Andrοs Payiatsos
Read Part A of this series here
The coup, the war, the displacement of 200,000 refugees, and the huge anger of Greek Cypriot society against the far right nationalists opened a period with revolutionary characteristics in south Cyprus. For about six months, there was no authority genuinely recognized by Greek Cypriot society. The coup government under the ridiculous Nikos Sampson lasted eight days before collapsing.
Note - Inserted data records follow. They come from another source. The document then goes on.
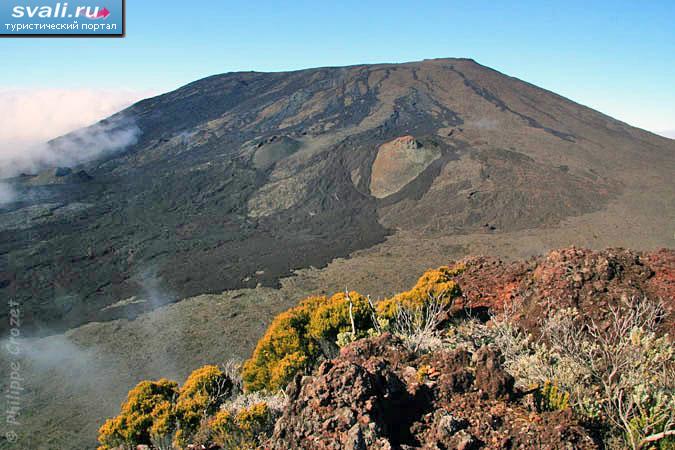������ �����-��-��-����� (Piton de la Fournaise), �������, �������.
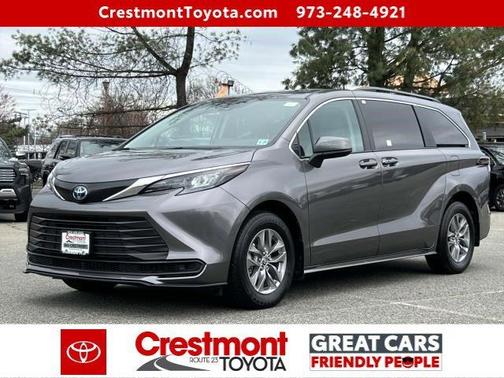 2024 Toyota Sienna LE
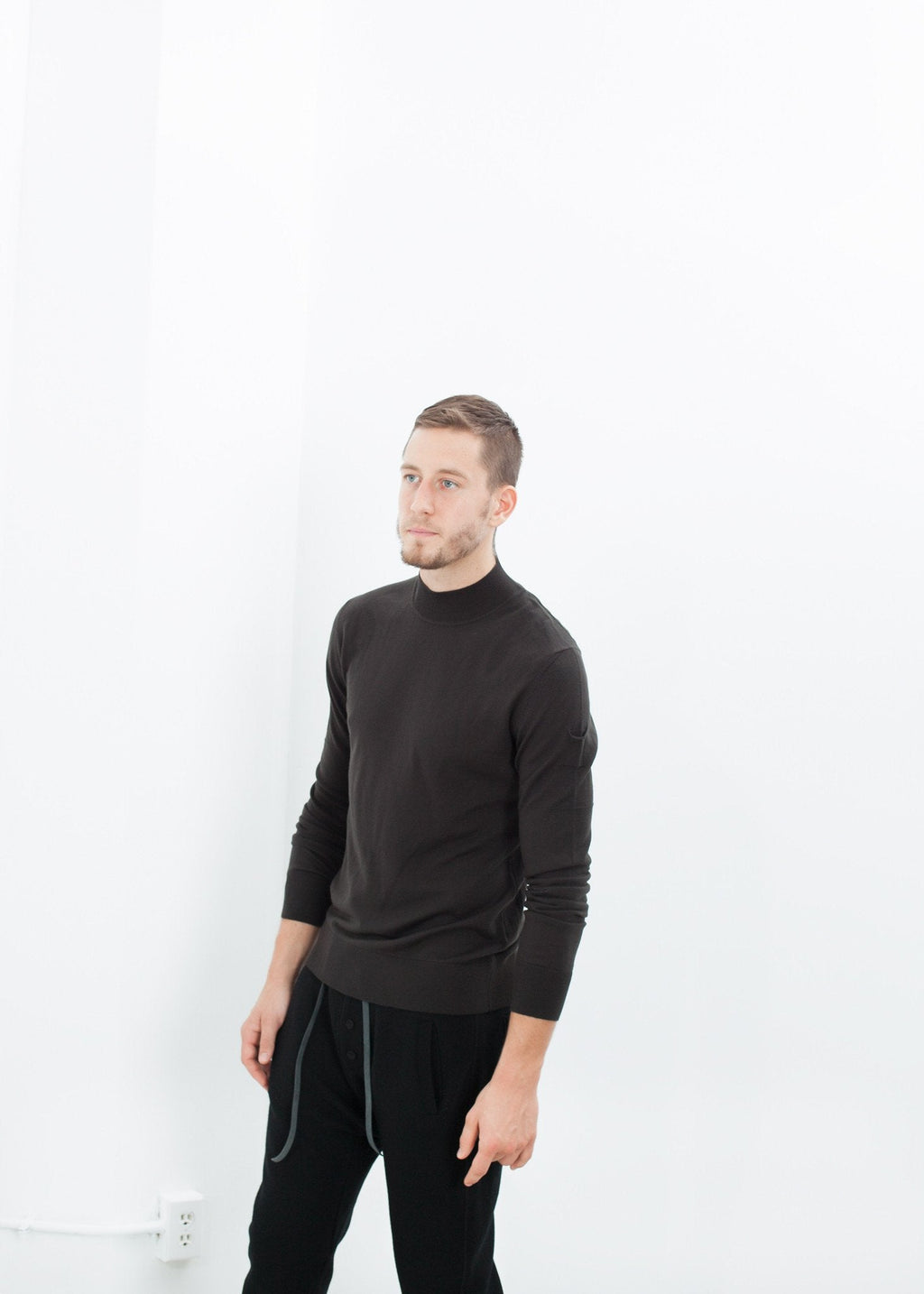 Merino Knit Turtleneck in Cavern - raj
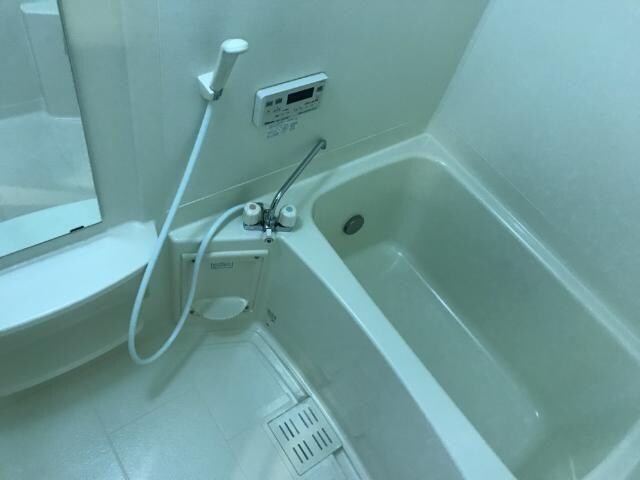 物件内観写真5　(追い焚き・浴室乾燥付きのお風呂)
He was replaced by Glafkos Clerides, the President of Parliament, but the main demand of the Cypriot people was the full restoration of democracy with the return of Makarios, who had fled (on July 15) to the British bases and from there to London.
Makarios returned to Cyprus in December 1974. It is estimated that about half the island’s population went to welcome him at the Archbishop’s Palace in Nicosia.
The socialist party EDEK was the only force that called for mobilization, although the EOKA B fascists were still free, defiant, and armed on the streets. EDEK denounced the regime that followed Sampson’s fall as the “post-coup regime” which effectively covered up for the coup plotters (most of whom then joined Clerides’ party, DISY – Democratic Rally). On August 30, Cypriot fascists ambushed Vassos Lyssarides, the leader of EDEK. Although the bullets missed Lyssarides, they killed Doros Loizou, a prominent party member and one of its youth wing (EDEN) leaders. Doros Loizou immediately became a symbol of resistance and revolution. This legacy endures even though today’s EDEK has betrayed the ideals for which Doros and many other fighters sacrificed their lives for, in the 1970s.
In his first speech from the Archdiocese, Makarios offered an “olive branch” (he literally threw an olive branch) to the fascists! He forgave the criminals responsible for the blood bath on the island, and proposed reconciliation and “national unity” so that the Greek Cypriot people could move forward together. For the more militant part of the fighters who had struggled for his return (like the EDEN youth who were at the forefront of the massive rally) the shock was indescribable. The next day, questions began to emerge: “What is happening?”, “Why are the fascist elements in the army and the state machine not being arrested?”, “Where is he taking us?”, “How do we proceed?”.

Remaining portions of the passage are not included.